Directions for this task – Scan the records for the string "حمام" and state how many lines contain it, using the number alone.

BEGIN Dataset

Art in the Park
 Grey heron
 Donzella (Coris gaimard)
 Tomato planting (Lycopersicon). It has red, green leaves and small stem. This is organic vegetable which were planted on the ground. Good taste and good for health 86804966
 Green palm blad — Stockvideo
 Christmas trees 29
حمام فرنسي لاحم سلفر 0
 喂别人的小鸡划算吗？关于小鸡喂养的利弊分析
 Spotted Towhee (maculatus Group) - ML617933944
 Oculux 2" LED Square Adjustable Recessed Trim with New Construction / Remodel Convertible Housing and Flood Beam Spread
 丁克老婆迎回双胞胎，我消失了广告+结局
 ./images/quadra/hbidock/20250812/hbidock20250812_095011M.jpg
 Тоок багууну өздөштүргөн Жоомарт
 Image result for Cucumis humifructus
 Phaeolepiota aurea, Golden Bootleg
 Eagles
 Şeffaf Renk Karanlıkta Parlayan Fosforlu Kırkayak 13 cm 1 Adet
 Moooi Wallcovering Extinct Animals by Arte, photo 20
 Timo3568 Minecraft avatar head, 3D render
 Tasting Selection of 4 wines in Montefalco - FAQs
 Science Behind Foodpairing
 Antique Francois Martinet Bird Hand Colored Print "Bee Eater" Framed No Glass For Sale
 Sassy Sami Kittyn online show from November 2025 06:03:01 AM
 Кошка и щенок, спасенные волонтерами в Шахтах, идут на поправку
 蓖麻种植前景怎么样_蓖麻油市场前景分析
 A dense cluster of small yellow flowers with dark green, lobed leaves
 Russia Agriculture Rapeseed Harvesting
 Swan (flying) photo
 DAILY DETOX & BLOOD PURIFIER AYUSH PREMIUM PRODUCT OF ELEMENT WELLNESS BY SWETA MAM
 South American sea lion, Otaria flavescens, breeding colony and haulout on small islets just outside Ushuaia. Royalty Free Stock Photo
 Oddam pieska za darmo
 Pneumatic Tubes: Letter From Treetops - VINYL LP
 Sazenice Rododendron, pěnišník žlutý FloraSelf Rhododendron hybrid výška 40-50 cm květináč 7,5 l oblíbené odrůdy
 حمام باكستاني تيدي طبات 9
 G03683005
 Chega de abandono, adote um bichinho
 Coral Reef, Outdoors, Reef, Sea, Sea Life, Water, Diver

END Dataset

The answer – 2